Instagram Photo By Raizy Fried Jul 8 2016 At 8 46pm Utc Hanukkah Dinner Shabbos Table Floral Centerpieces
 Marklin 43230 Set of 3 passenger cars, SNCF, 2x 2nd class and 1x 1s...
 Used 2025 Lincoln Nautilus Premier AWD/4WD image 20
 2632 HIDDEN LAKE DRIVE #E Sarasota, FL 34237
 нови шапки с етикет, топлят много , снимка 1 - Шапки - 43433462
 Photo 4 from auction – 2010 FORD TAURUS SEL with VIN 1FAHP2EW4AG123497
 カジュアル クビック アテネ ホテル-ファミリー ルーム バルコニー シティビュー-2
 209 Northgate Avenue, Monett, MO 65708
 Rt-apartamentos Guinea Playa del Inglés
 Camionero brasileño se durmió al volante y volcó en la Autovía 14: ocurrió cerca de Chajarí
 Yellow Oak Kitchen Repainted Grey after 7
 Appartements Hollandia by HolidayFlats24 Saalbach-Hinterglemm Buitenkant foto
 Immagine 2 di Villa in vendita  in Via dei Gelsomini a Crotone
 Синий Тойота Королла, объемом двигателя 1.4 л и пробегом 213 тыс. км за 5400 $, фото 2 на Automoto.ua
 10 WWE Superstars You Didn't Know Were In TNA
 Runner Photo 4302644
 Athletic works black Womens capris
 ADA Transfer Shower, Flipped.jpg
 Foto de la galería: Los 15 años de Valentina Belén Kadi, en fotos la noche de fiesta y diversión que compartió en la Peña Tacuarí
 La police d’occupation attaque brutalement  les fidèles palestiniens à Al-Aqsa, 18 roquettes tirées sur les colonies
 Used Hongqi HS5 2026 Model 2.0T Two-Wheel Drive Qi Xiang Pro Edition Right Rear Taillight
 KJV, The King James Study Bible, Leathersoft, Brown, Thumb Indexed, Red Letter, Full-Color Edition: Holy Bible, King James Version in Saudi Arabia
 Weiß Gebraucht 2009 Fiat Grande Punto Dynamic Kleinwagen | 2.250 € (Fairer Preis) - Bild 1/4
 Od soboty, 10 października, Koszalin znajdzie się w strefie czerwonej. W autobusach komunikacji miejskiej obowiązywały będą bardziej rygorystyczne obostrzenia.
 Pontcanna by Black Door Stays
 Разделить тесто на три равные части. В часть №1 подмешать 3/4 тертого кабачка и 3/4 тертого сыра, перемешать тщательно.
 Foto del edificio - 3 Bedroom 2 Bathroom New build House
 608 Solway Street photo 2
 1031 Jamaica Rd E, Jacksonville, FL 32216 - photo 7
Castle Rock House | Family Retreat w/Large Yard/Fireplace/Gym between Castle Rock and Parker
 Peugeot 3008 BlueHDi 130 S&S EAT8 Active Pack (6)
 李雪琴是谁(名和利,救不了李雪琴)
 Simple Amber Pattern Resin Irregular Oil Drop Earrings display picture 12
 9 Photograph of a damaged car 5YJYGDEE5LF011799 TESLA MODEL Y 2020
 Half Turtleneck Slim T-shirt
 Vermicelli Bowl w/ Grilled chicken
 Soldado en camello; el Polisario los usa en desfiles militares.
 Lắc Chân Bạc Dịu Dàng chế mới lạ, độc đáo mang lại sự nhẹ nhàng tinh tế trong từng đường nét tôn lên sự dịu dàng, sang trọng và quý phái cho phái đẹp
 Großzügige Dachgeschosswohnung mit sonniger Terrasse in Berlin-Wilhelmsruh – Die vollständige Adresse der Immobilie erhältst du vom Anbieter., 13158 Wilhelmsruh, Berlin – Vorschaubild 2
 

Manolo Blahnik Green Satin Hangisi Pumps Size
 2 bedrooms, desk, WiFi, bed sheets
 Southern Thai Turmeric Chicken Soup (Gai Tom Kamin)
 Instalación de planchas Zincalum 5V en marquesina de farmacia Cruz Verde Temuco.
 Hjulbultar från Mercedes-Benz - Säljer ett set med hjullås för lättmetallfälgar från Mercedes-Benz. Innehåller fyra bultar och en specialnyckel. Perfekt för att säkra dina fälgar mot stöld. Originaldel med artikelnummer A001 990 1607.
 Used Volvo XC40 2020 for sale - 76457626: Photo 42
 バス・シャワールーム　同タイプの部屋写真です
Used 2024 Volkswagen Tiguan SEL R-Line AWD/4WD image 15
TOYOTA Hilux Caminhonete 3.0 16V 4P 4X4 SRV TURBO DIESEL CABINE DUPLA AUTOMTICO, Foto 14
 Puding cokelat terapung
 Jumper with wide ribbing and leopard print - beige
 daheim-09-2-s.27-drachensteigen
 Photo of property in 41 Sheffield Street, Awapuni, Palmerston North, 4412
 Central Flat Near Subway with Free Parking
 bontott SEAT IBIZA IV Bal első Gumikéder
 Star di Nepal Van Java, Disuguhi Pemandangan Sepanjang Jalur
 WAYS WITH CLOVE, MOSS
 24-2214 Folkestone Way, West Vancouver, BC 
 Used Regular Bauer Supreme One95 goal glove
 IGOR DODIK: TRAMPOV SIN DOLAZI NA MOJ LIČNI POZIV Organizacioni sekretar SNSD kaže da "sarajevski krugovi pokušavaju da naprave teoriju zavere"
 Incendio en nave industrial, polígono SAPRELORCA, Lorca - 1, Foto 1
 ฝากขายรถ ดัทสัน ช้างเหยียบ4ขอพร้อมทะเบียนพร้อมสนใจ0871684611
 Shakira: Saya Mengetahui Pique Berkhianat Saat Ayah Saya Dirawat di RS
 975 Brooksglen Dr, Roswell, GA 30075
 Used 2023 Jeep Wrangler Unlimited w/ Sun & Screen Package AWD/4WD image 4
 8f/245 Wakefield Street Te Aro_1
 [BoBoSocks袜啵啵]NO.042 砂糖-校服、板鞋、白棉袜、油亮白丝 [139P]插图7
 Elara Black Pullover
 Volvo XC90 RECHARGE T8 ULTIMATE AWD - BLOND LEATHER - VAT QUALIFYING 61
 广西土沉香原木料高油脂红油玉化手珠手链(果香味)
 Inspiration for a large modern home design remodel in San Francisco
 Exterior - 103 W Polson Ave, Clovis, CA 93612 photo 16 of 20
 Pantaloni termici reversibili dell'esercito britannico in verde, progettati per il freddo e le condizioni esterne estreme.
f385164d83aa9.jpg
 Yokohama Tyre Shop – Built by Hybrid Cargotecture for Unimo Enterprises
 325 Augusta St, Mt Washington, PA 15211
○ ○ ○ ○ ○
→ **WORK INSTRUCTION**: From the entries above, restate word for word the lines from the line containing "Photo 4 from" to the line containing "Appartements Hollandia by", both ends included, and nothing more.

→ **OUTPUT BELOW**:
 Photo 4 from auction – 2010 FORD TAURUS SEL with VIN 1FAHP2EW4AG123497
 カジュアル クビック アテネ ホテル-ファミリー ルーム バルコニー シティビュー-2
 209 Northgate Avenue, Monett, MO 65708
 Rt-apartamentos Guinea Playa del Inglés
 Camionero brasileño se durmió al volante y volcó en la Autovía 14: ocurrió cerca de Chajarí
 Yellow Oak Kitchen Repainted Grey after 7
 Appartements Hollandia by HolidayFlats24 Saalbach-Hinterglemm Buitenkant foto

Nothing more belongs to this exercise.